Sans vouloir me jeter des fleurs, le fait d’avoir eu cette approche humaine et apporté une réelle écoute semble les avoir aussi aidé dans leur prise de poste. Il y avait aussi un directeur industriel qui était réellement dans le partage de connaissances et qui a beaucoup apporté tant en savoir qu’en reconnaissance.
Qu’est ce que le côté militaire a pu apporter au sein de cette entreprise ?
Il est certain que la première chose qui a été apportée était l’esprit d’équipe. Le technicien est par exemple arrivé en apprenant un métier mais il était par contre le premier à proposer un coup de main à ses collègues lorsque sa machine tournait. Cet esprit d’entraide, de bienveillance et de respect s’est naturellement développé au sein de son l’équipe, puis d’équipes en équipe et dans les autres îlots de production.
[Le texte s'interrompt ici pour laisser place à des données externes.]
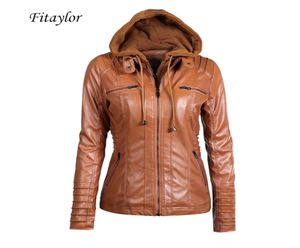 Fitaylor New Women Herbst Winter Winter Kapuze -Faux -Jacke Slim Motorradhut abnehmbarer Plus -Größe 5XL PU Ledermantel Y2010128179819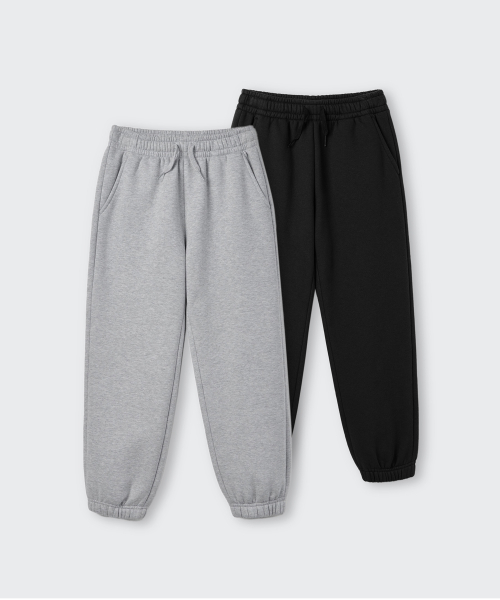 무신사 스탠다드 키즈() 기모 스웨트 팬츠 2팩 [미디엄 그레이/블랙] 상품 이미지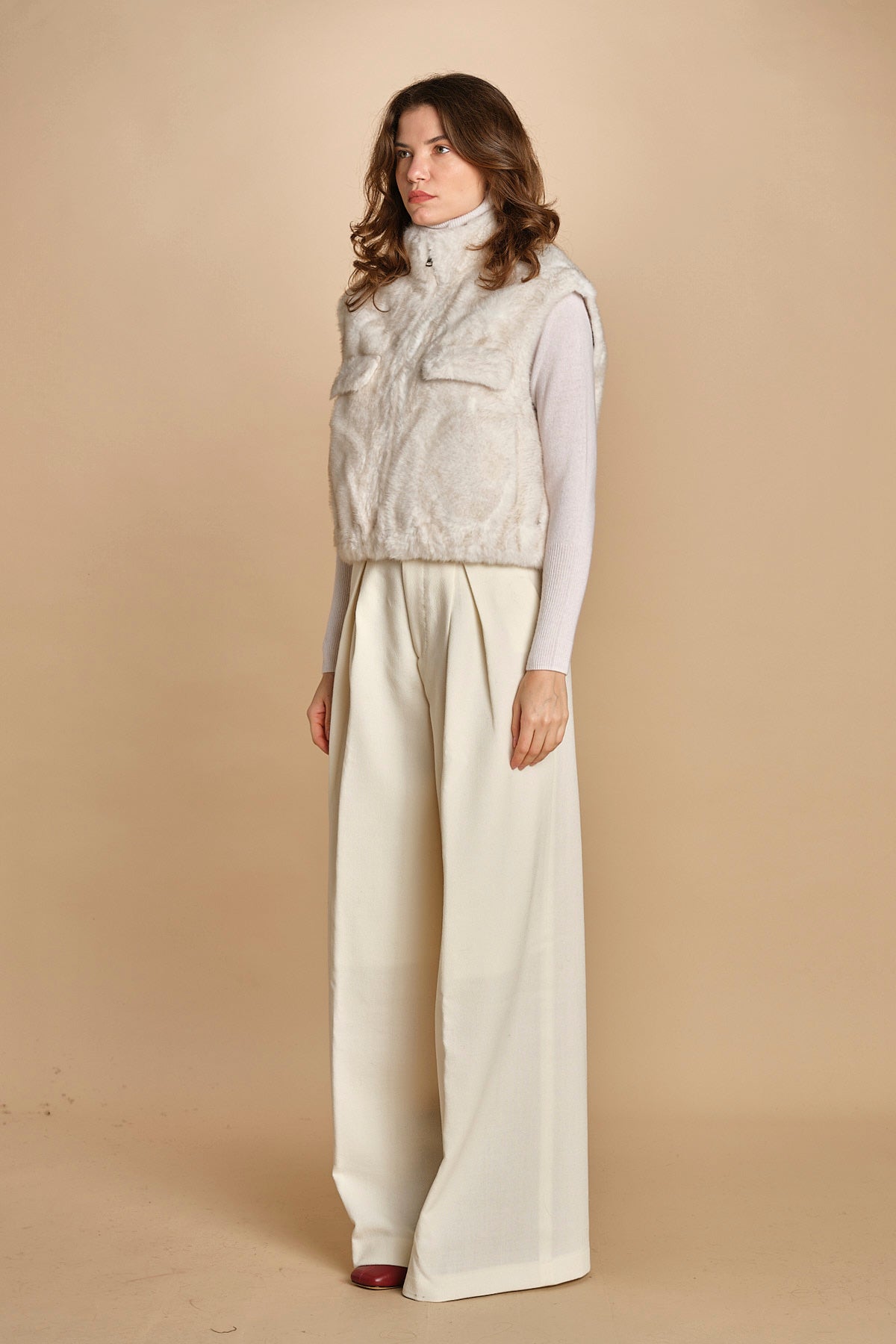 gilet in ecofur. GABI ECRU giovanni paris 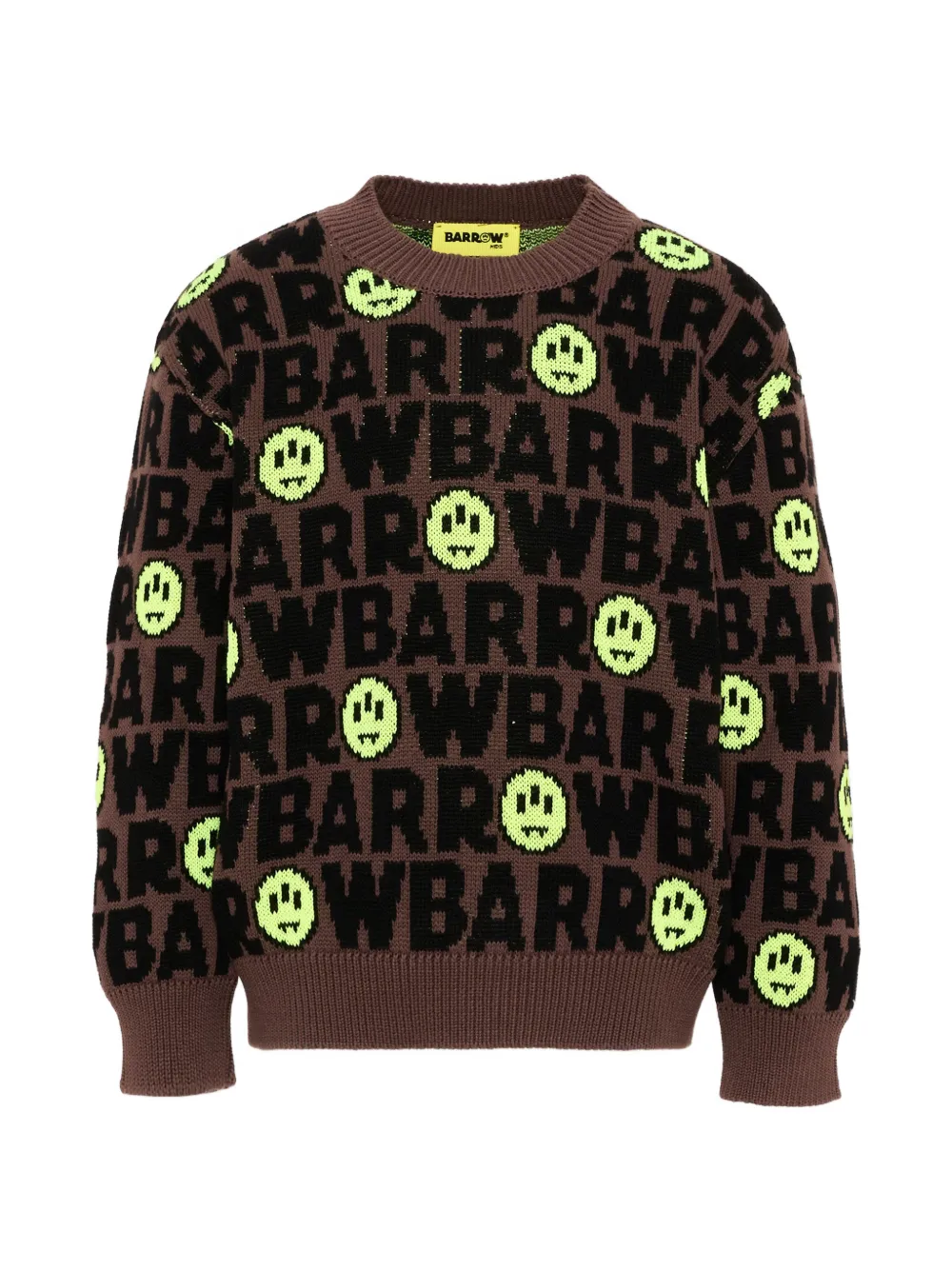 Barrow kids logo-intarsia knitted sweater - Marrone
Le Directeur a quant a lui beaucoup apporté en matière d’organisation : il a mis en place un solide système de management et, s’étant en un an extrêmement développé techniquement, il a pu apporter à son niveau des connaissances et des compétences techniques à ses équipes. Il avait une aisance relationnelle hallucinante et une autorité naturelle qui lui permettait d’expliquer à un client des choses délicates mais dans des termes rassurants.
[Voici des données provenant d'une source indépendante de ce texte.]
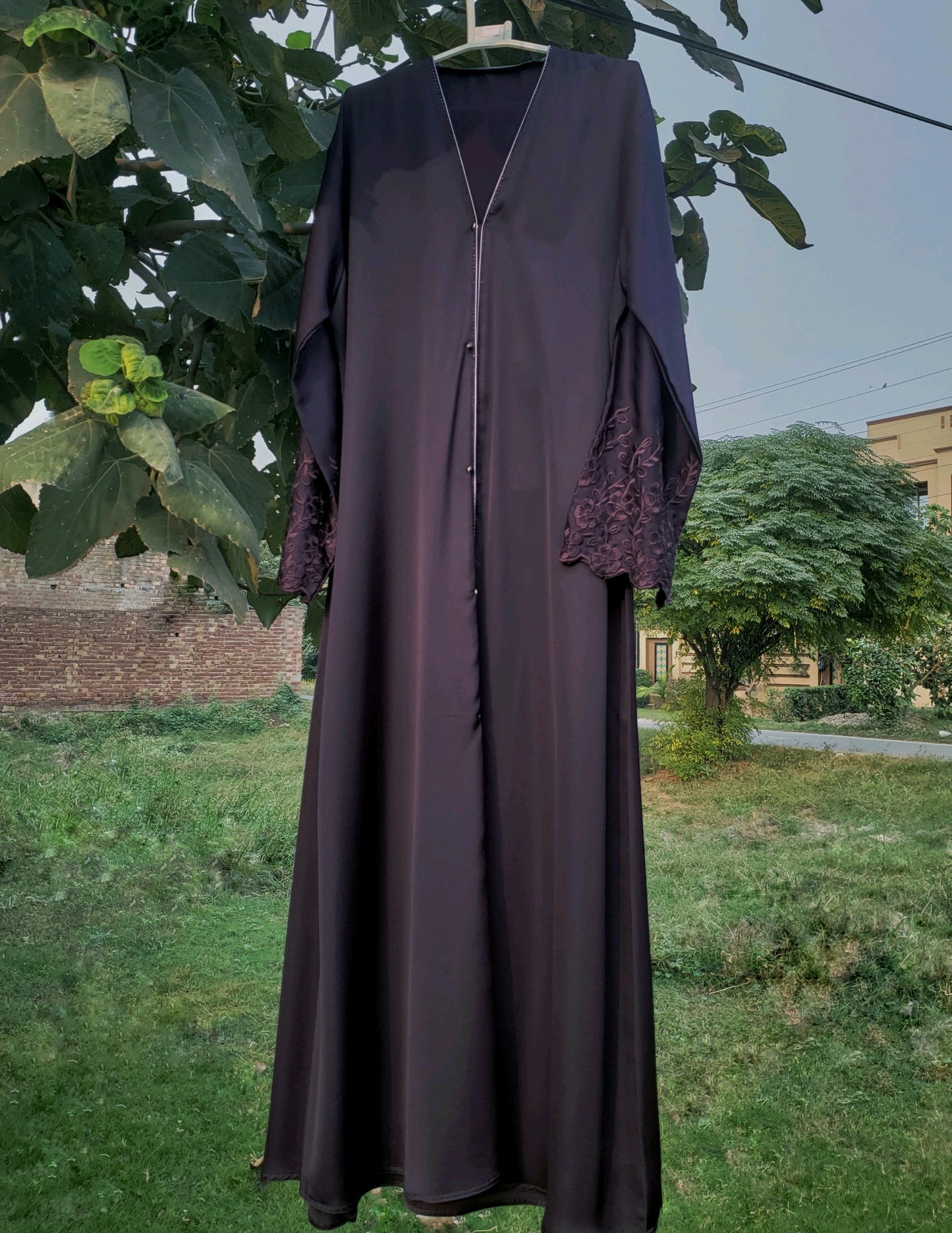 Purple Embroidered Sleeves abaya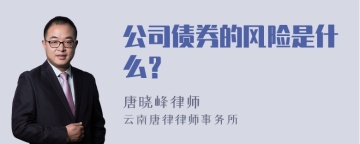 公司债券的风险是什么？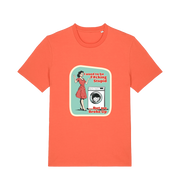 orange funny offensive t-shirt with a graphic design featuring a retro housewife stood next to a washing machine and the slogan 'i used to be fucking stupid but we broke up'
On a aujourd’hui la fâcheuse tendance à mettre à la tête des équipes le meilleur profil sur le plan technique, ce qui est selon moi une vaste erreur
Au-delà des compétences professionnelles qu’un ancien militaire pourra transposer, son apport sur le plan organisationnel et de la communication est indéniable. Sur des fonctions d’encadrement, on a aujourd’hui la fâcheuse tendance à mettre à la tête des équipes le meilleur profil sur le plan technique, ce qui est selon moi une vaste erreur car ce n’est pas parce que la personne est extrêmement bonne dans son métier et dans ses tâches professionnelles, qu’elle sera un bon manager, bien au contraire très souvent. Un directeur d’usine n’a pas forcément besoin d’être quelqu’un de très technique car une entreprise a avant tout besoin d’une personne avec une large ouverture d’esprit et qui sache organiser, manager et déléguer des tâches à ses responsables et référents techniques en-dessous de lui. Ce sont typiquement des soft skills dont dispose une personne qui a pu faire du management et de l’encadrement d’équipe au sein des armées. La partie technique peut s’acquérir, par contre, je ne fais pas partie des personnes qui disent que les parties savoir-être et managériales peuvent s’apprendre, et encore moins à l’école.
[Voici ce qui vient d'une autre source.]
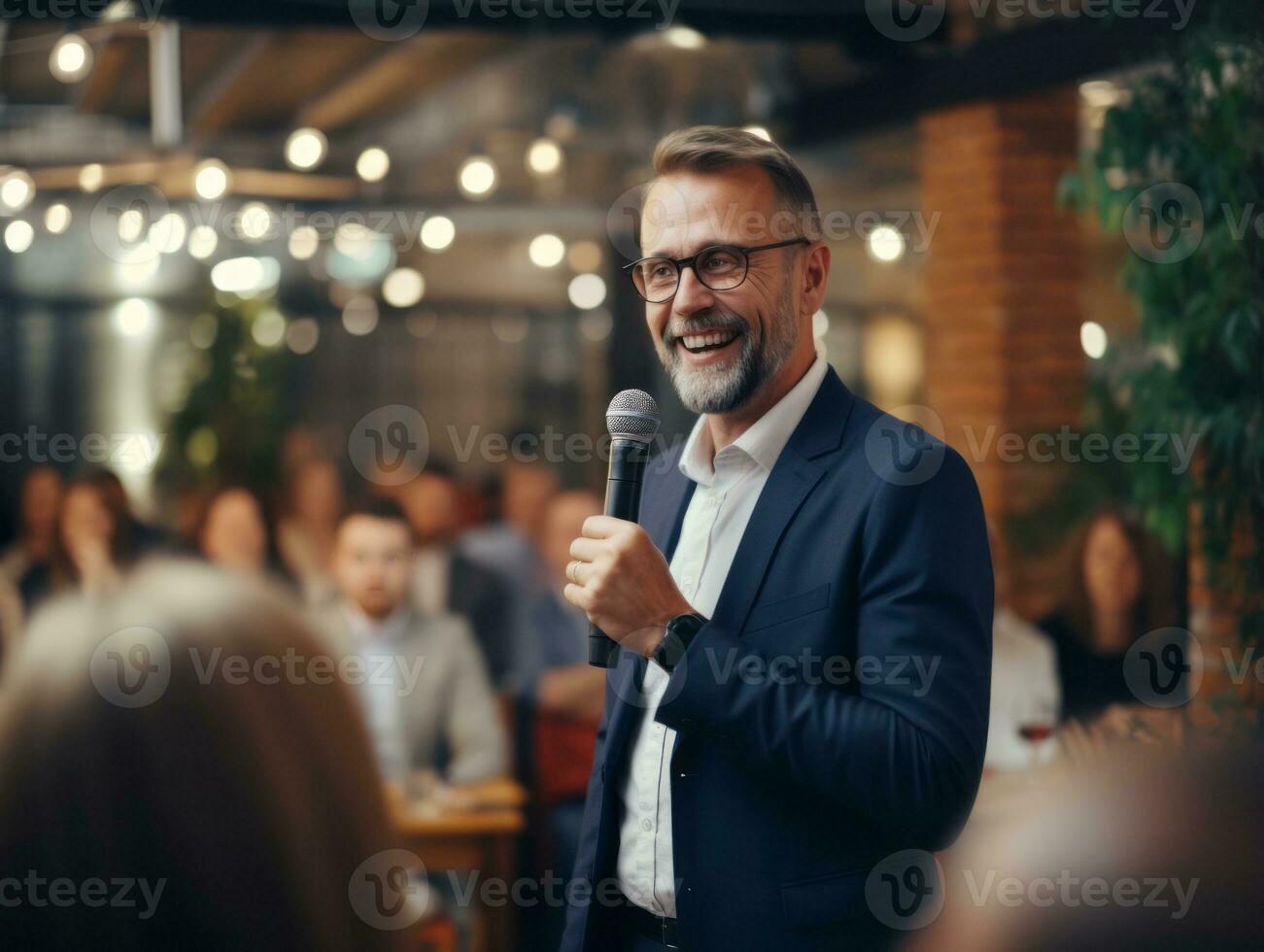 Man in a business meeting leading with confidence AI Generative photo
En cette période de pénurie de profils, en particulier sur des fonctions d’encadrement, je ne peux qu’encourager mes homologues à se tourner aussi vers des candidats issus des armées, surtout après tout ce que ces personnes ont pu d’une certaine manière fait pour nous. Je suis en tout cas sur mon nouveau poste dans la même dynamique pour faire en sorte d’intégrer des anciens militaires.